My taxi driver who pointed out the spot also mused about Erbil being a culture hub for all Kurds who form the world’s largest stateless nation. From all the Kurdish flags, it soon became clear how the city has been kurdified. Even without all the effort, Erbil could hardly be anything but Kurdish. The traditional garb incorporating the shalwar, a pair of baggy pants tight at the ankles, was on view everywhere. Unlike Iraqi Arabs who have adopted Western clothing, Kurds have stuck to their own culture.
“…Erbil [is] a far cry from the war zone you may have imagined it to be”
Nowhere is this more evident than at the fortified Erbil Citadel in the heart of the capital of Iraqi Kurdistan. Like a round layered cake, the Citadel is an elevated, egg-shaped mound surrounded by flat terrain where settlements going back some seven millennia have been built on top of one another. Successive dwellings were mostly built with mud bricks which in time disintegrated. By piling up, they also heightened the Citadel which, now raised by some 30 metres, is a workout to climb in a burst of excitement.
The first written record of the Citadel is from 2300 BC, but its most ancient traces date back to about 5000 BC. Unsurprisingly, the structure has undergone several phases of destruction, most recently by former Iraqi dictator Saddam Hussein, and subsequent reconstruction, the latest of which started in 2007 and is still ongoing. In addition to its local Kurdish inhabitants, various waves of outsiders have left their mark here, including Akkadians, Assyrians, Babylonians, Mongols, Ottomans and Europeans.

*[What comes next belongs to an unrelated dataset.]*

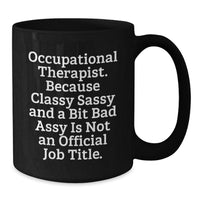 Load image into Gallery viewer, Occupational Therapist Gifts, Funny Quote Coffee Mug for Graduation, Gifts from Friends, Gifts for Occupational Therapist, Black 11oz or 15oz Ceramic Mug - Additional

Along the Citadel’s main thoroughfare stands the impressive Kurdish Textile Museum. The carpets and kilims exhibited here were woven in the villages of Iraqi Kurdistan or by nomadic Kurds on small transportable looms hung from door frames. In addition to exhibiting, the near-lost art of weaving is also being re-taught here since it’s almost impossible to find a carpet or kilim from Iraqi Kurdistan after the mid-1980s when Saddam’s brutal regime began to target the Kurdish villagers and their traditions.

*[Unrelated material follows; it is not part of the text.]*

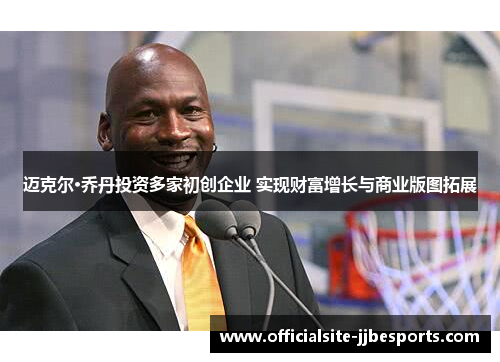 迈克尔·乔丹投资多家初创企业 实现财富增长与商业版图拓展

In the shadow of the famed Citadel is Erbil’s central square which is home to the local replica of the Big Ben, London’s iconic clock tower, a sweeping oriental souk and countless tea sellers whose customers sit on every conceivable surface to enjoy the strong Iraqi brew. Further afield is the small but significant Erbil Civilisation Museum with three halls of artifacts from Iraqi Kurdistan’s long and multi-layered history. All of this adds to Erbil as a far cry from the war zone you may have imagined it to be.